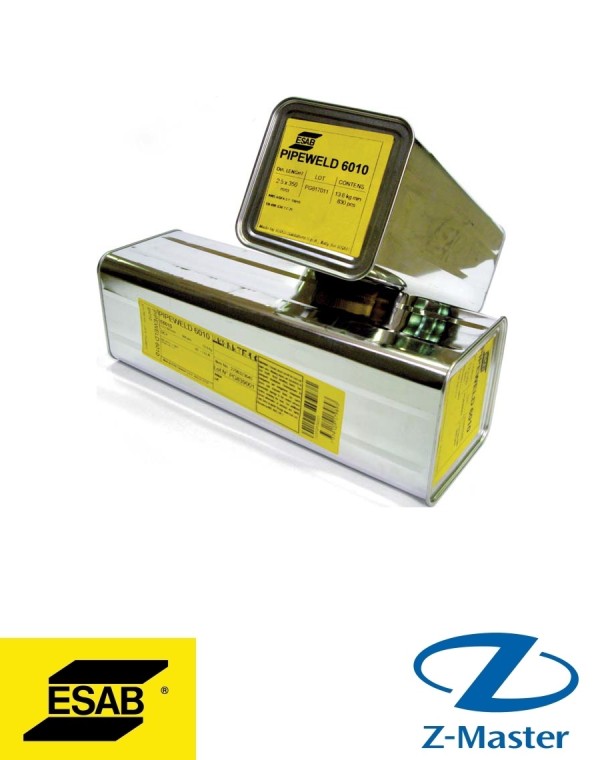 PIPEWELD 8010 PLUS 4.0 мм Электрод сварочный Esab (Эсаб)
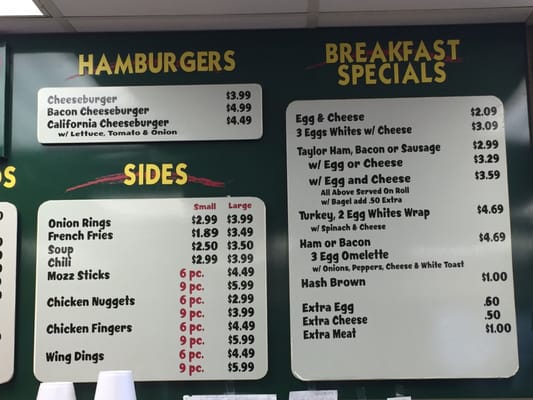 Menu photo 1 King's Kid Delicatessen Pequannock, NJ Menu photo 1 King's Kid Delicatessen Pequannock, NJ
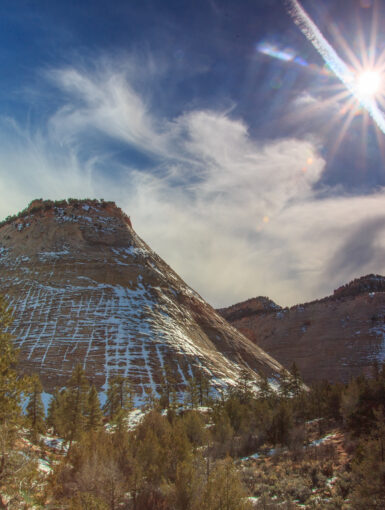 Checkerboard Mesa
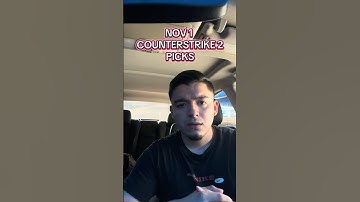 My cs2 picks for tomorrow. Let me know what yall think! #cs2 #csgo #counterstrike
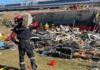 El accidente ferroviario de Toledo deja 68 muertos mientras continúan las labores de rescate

- [ASSIGNMENT]:
Repeat the entries faithfully. Any picture gets left out.

- [EXERCISE ANSWER]:
 PIPEWELD 8010 PLUS 4.0 мм Электрод сварочный Esab (Эсаб)
 Menu photo 1 King's Kid Delicatessen Pequannock, NJ Menu photo 1 King's Kid Delicatessen Pequannock, NJ
 Checkerboard Mesa
 My cs2 picks for tomorrow. Let me know what yall think! #cs2 #csgo #counterstrike
 El accidente ferroviario de Toledo deja 68 muertos mientras continúan las labores de rescate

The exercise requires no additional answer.